### [DATA SECTION]
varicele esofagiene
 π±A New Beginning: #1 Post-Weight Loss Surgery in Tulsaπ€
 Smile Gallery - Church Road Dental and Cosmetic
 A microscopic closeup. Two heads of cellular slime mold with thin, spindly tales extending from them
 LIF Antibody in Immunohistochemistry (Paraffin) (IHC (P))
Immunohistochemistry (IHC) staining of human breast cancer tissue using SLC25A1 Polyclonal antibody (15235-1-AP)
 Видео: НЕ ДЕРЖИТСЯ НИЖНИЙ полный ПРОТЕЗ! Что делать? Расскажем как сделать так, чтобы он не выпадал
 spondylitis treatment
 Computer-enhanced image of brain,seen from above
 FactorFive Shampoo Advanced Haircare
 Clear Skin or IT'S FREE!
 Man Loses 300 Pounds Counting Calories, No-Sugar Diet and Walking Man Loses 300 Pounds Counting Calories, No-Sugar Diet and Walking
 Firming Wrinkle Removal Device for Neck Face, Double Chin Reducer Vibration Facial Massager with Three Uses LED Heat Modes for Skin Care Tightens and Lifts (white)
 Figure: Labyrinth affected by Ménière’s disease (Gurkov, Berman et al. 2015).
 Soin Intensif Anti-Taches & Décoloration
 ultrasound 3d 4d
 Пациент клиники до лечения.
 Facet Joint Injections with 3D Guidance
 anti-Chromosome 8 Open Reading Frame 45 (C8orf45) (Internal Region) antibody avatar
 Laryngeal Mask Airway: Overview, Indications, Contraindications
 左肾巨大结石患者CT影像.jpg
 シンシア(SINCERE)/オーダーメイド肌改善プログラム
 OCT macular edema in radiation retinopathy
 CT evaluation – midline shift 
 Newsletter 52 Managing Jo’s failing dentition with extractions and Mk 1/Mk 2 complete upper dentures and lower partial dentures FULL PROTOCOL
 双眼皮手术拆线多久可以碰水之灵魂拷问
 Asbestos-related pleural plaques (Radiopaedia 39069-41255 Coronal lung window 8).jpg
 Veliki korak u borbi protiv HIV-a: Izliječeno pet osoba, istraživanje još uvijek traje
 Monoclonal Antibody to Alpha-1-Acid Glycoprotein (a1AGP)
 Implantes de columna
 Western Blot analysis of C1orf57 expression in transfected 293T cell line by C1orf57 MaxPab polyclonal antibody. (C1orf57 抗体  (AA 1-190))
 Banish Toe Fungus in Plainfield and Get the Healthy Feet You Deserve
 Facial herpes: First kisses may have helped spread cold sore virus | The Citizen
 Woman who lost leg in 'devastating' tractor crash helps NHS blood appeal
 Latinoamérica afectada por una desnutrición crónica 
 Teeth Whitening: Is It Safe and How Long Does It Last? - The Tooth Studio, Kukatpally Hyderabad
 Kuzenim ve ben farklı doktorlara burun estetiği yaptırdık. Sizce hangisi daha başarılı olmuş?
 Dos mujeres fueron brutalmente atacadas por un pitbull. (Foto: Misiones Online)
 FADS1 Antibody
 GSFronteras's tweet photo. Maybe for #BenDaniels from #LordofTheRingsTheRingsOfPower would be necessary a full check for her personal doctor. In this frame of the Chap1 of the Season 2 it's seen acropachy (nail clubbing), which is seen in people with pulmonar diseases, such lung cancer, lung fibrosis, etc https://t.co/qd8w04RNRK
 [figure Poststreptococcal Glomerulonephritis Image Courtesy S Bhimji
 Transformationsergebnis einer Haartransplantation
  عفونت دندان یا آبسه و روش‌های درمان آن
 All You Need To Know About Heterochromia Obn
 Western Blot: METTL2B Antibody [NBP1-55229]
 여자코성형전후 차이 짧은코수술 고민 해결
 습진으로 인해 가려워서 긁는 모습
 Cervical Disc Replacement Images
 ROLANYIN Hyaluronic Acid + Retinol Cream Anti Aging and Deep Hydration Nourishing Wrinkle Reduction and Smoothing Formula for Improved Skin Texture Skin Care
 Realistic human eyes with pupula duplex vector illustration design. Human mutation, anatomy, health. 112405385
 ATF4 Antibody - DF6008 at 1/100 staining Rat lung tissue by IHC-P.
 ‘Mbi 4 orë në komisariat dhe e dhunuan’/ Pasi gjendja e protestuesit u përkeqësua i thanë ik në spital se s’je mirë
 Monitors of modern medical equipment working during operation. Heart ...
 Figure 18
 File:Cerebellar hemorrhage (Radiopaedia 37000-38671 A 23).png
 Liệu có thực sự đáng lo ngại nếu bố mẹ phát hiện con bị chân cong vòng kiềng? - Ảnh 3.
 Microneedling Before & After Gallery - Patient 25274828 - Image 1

### [WHAT TO WORK ON]
Precisely the lines between those holding "Asbestos-related pleural plaques" and "ATF4 Antibody - DF6008", inclusive, are to be reproduced from the listing above, with nothing added.

### [RESULT OF THIS EXERCISE]
 Asbestos-related pleural plaques (Radiopaedia 39069-41255 Coronal lung window 8).jpg
 Veliki korak u borbi protiv HIV-a: Izliječeno pet osoba, istraživanje još uvijek traje
 Monoclonal Antibody to Alpha-1-Acid Glycoprotein (a1AGP)
 Implantes de columna
 Western Blot analysis of C1orf57 expression in transfected 293T cell line by C1orf57 MaxPab polyclonal antibody. (C1orf57 抗体  (AA 1-190))
 Banish Toe Fungus in Plainfield and Get the Healthy Feet You Deserve
 Facial herpes: First kisses may have helped spread cold sore virus | The Citizen
 Woman who lost leg in 'devastating' tractor crash helps NHS blood appeal
 Latinoamérica afectada por una desnutrición crónica 
 Teeth Whitening: Is It Safe and How Long Does It Last? - The Tooth Studio, Kukatpally Hyderabad
 Kuzenim ve ben farklı doktorlara burun estetiği yaptırdık. Sizce hangisi daha başarılı olmuş?
 Dos mujeres fueron brutalmente atacadas por un pitbull. (Foto: Misiones Online)
 FADS1 Antibody
 GSFronteras's tweet photo. Maybe for #BenDaniels from #LordofTheRingsTheRingsOfPower would be necessary a full check for her personal doctor. In this frame of the Chap1 of the Season 2 it's seen acropachy (nail clubbing), which is seen in people with pulmonar diseases, such lung cancer, lung fibrosis, etc https://t.co/qd8w04RNRK
 [figure Poststreptococcal Glomerulonephritis Image Courtesy S Bhimji
 Transformationsergebnis einer Haartransplantation
  عفونت دندان یا آبسه و روش‌های درمان آن
 All You Need To Know About Heterochromia Obn
 Western Blot: METTL2B Antibody [NBP1-55229]
 여자코성형전후 차이 짧은코수술 고민 해결
 습진으로 인해 가려워서 긁는 모습
 Cervical Disc Replacement Images
 ROLANYIN Hyaluronic Acid + Retinol Cream Anti Aging and Deep Hydration Nourishing Wrinkle Reduction and Smoothing Formula for Improved Skin Texture Skin Care
 Realistic human eyes with pupula duplex vector illustration design. Human mutation, anatomy, health. 112405385
 ATF4 Antibody - DF6008 at 1/100 staining Rat lung tissue by IHC-P.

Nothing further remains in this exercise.